Petrona había nacido toda equivocada. No tenía nada en su sitio: el pelo en el bigote, la cintura en los sobacos y el ojo derecho ligeramente más alto que el izquierdo. Rara vez se la veía en el pueblo y, cuando venía, se acercaba hasta nuestra casa para recoger lo que mi abuela le dejaba en un hueco del tilo en el que mi hermana y yo habíamos construido una cabaña (algunas mudas limpias y frutas y verduras de nuestro huerto). Desde nuestra atalaya la seguíamos con la vista. Se acercaba despacio, tensa, como Bruma, nuestra perra, cuando se sentía amenazada. Una vez pudimos verla separar las piernas y mear de pie, y otra, comerse una patata cruda. Todo aquello nos pareció asqueroso. Sin embargo, un día al anochecer, la sorprendimos en la linde del bosque revolviendo entre las piedras de un viejo pajar en ruinas. Pudiendo más la curiosidad que el miedo, nos acercamos a investigar y no tardamos en descubrir una maleta de cartón. Cuando la abrimos ahí estaban las mudas que mi abuela le preparaba, sin estrenar, dobladas con esmero y, entre unas y otras, flores secas y hierbas aromáticas.

53. Infierno invernal (Josep Maria Arnau)
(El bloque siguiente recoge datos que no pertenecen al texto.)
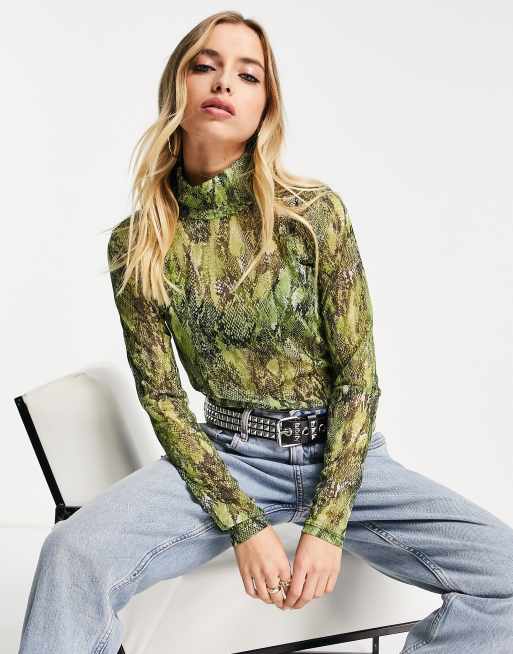 Long sleeve outlet snakeskin top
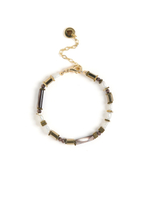 Браслет "Hematite tube pearl" Gold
El sintecho anda deprisa, sin mirar atrás. Una manta y una maltrecha mochila son su único equipaje; la barba descuidada y su ropa harapienta lo delatan. Azuzado por el frío, se dirige hacia el refugio. La calle está oscura, casi desierta. Solo un chico vestido de negro fumando en la esquina y unos pocos coches circulando.
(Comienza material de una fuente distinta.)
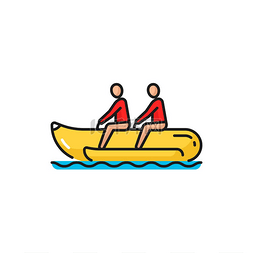 香蕉船水上娱乐活动，游客夫妇在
Al llegar a la puerta del cajero, el sintecho suspira aliviado. No hay nadie y la puerta se abre sin dificultad. En la esquina, el aspirante a dios apaga el cigarrillo; el pestillo de la puerta del cajero lo arrancó hace días. Lleva un bidón lleno y la cámara del móvil preparada. En el averno, las pantallas de cientos de fieles esperan las imágenes.

52. Crónica de sociedad

Al entrar al cajero me asusté. Un bulto en el rincón captó mi mirada. Entre mantas y edredones viejos asomaban unos inquietantes ojos azules. Nos miramos y supe que no tenía de que preocuparme. Aquel sin techo, era otra víctima de la sociedad. Así que no le di un billete para que fuera tirando, le tendí mi mano junto con una tarjeta de mi oficina. Te espero mañana a las ocho le dije, y me marché con la esperanza de que viniera.